まぶたを閉じても消えない、チカチカした星が、いくつも見えたよ!

あまりの痛さに両手でおでこを押さえて悶えていると、今度は両肩をつかまれてそのままベッドに押し倒された。

「まっ、まっ、待ったぁーっ!」

ちょっと待って。
これって絶対おかしくない?

おととい、私のことを『大事な彼女』って言ってくれたし、
さっきも『めちゃめちゃ可愛い』って褒めてくれたばかりだよね?

それなのに、これじゃ、陽人とよくやってるプロレスごっこと変わらないじゃん!

一応、私、女の子なんだけどー!!


だけど、そんな私の悲鳴まじりの抗議も、ヤマタロの耳には届かなかったみたいで。

「めんどくせー! ほんっっとにお前は、めんどくせー!」

顔に、思いっきり枕を押し当てられた。


また言った!

めんどくせーって言いすぎだし、

『ほんっっとに』だなんて、心込めすぎだよー!


「く、苦しい……」

だけど、さっきの頭突きに比べたら、一応手加減はしてくれているみたいだ。

真正面から押し付けられているというよりは、枕の両端を押さえて顔を包み込まれている感じだから、痛みは全く感じない。

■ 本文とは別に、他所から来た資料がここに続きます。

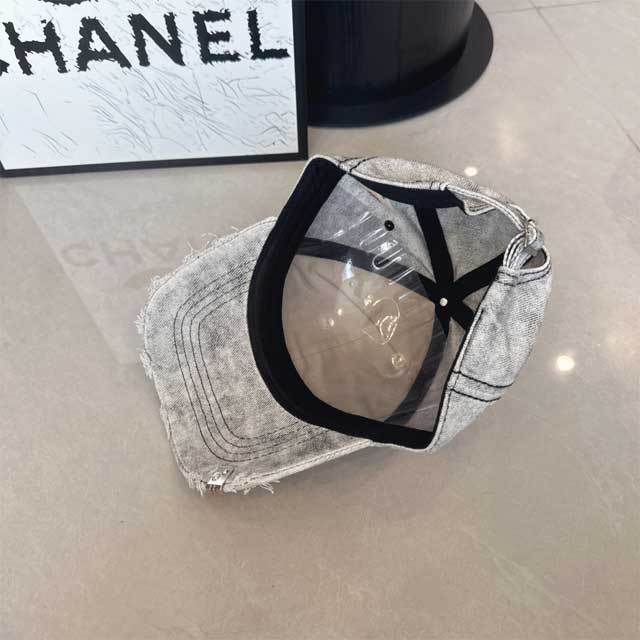 Fashion Ripped Unisex Baseball Caps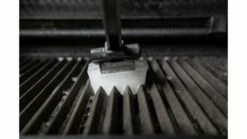 Broil King Ice Grill Brush - 65679 8 Broil King Ice Grill Brush - 65679 -THE BBQ SHOP BK 65679 lifestyle 01 1000x563 1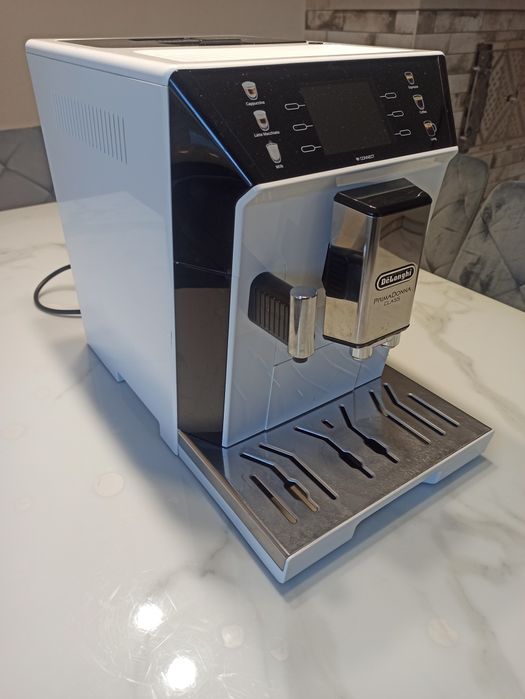 Продам делонгі примадонна клас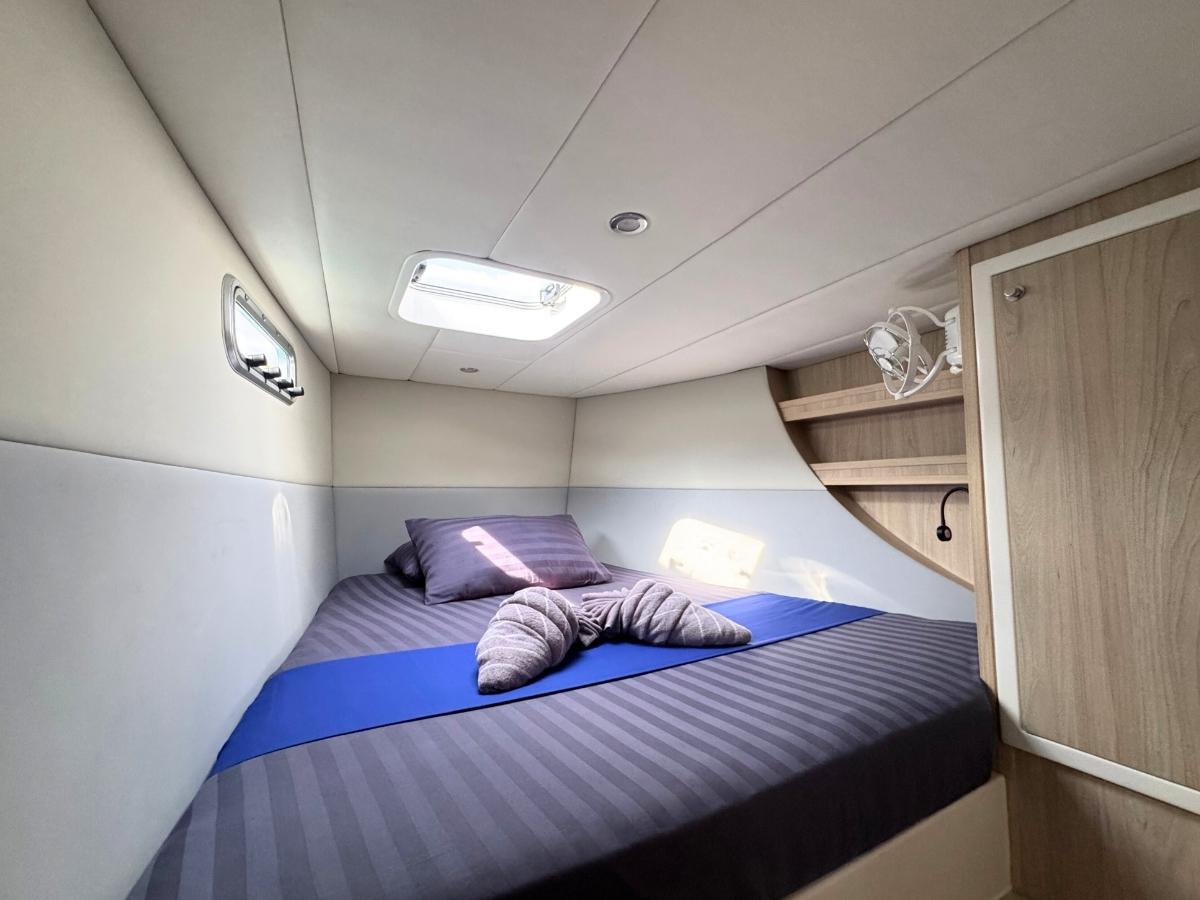 Island Spirit 410, picture 26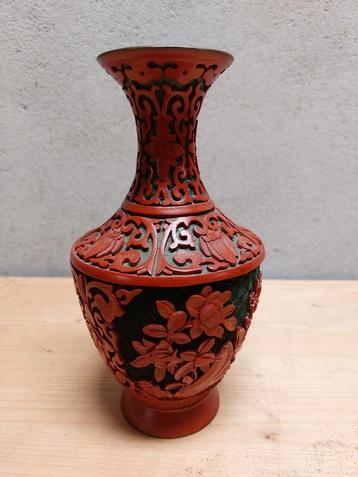 Handgesneden rode lakvaas – Chinees cinnaber lakwerk  beschikbaar voor biedingen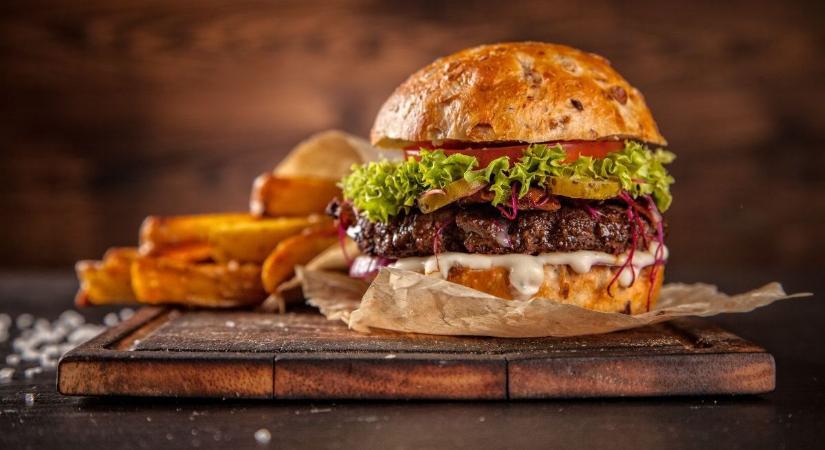 Tolna is beállt a burgerőrületbe – megkóstoltuk, mit esznek itthon!
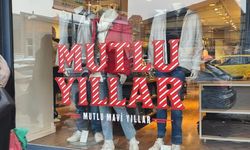 IĞDIR ESNAFI YENİ YIL COŞKUSUNDA: VİTRİNLER SÜSLENDİ, KAMPANYALAR BAŞLADI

ただ、枕でぺったんこになっている鼻が、ちゃんと元に戻るのか心配になるだけで……。

「鼻、つぶれそう……」

「お前の鼻は、三ヶ月前につぶれたんじゃなかったのか? それとも、まだこれ以上低くなるわけ?」


ああもう、ヤマタロって、怒らせたら本当に厄介!


私は、じたばたもがきながら、残った力を振り絞って叫んだ。

「ギブーっ! 鼻がめりこんじゃうよー!」

「だーかーらー、おとなしく責任取らせろって言ってるだろ!」


やだ!

そんな責任の取られ方、されたくないんだけどー!!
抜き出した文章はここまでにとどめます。